BEGIN DATA SUPPLIED

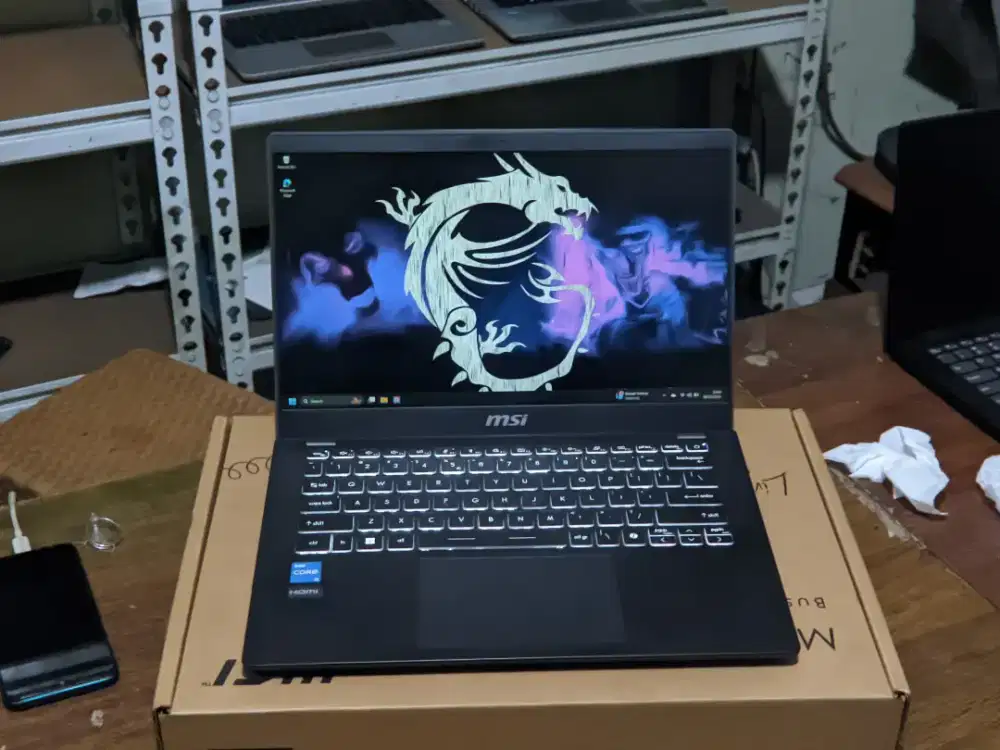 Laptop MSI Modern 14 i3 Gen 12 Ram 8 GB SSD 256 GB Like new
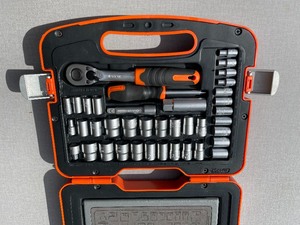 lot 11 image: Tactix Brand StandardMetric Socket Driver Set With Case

END DATA SUPPLIED
BEGIN DATA SUPPLIED

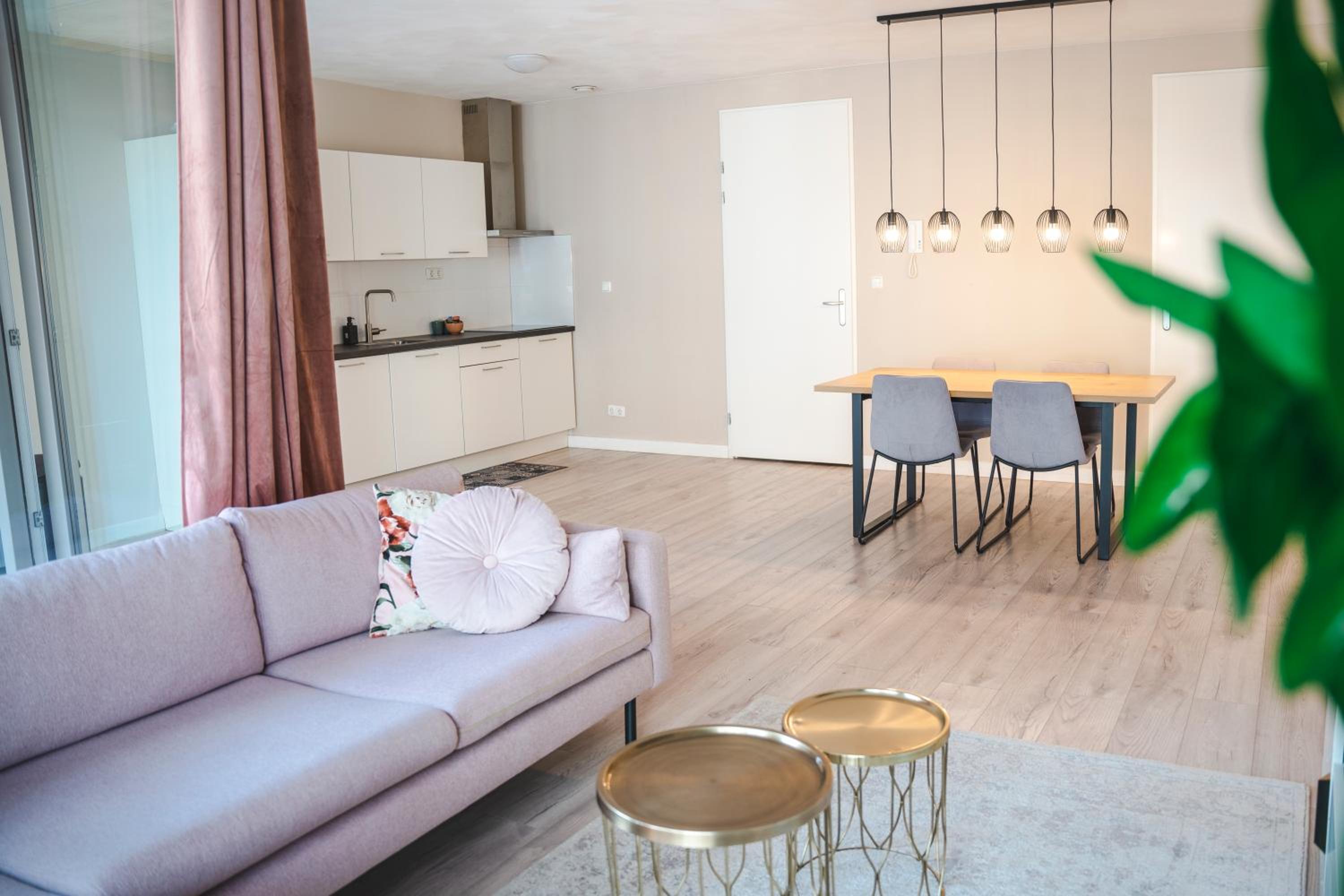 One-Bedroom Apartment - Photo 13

END DATA SUPPLIED
BEGIN DATA SUPPLIED

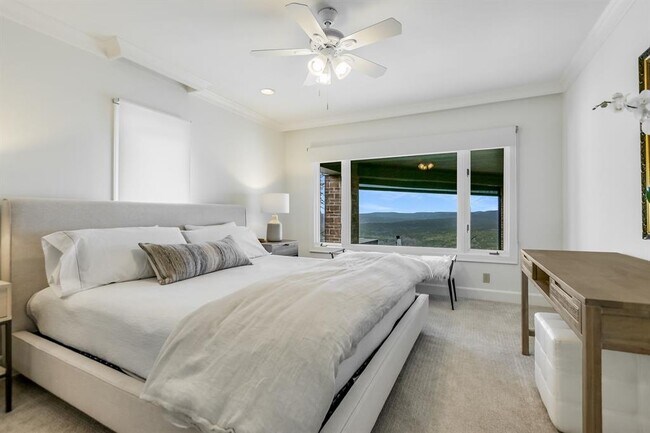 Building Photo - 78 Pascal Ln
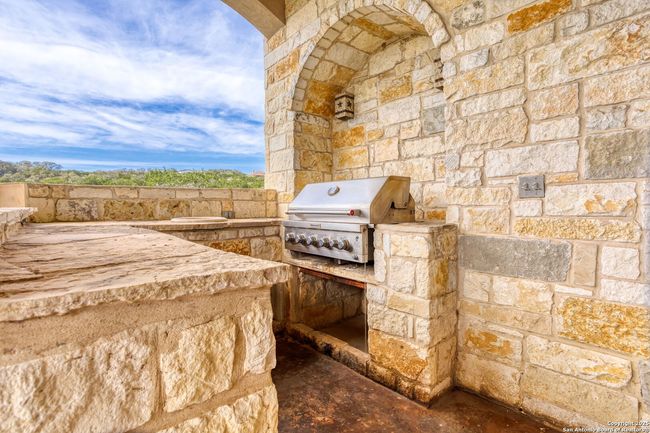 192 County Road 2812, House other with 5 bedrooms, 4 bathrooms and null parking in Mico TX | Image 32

END DATA SUPPLIED

▶ [PROBLEM REQUIREMENTS]:
Repeat, word for word, the lines of the material above from the one holding "Laptop MSI Modern" through the one holding "lot 11 image: Tactix". Leave out pictures.

▶ [ANSWER SPACE]:
 Laptop MSI Modern 14 i3 Gen 12 Ram 8 GB SSD 256 GB Like new
 lot 11 image: Tactix Brand StandardMetric Socket Driver Set With Case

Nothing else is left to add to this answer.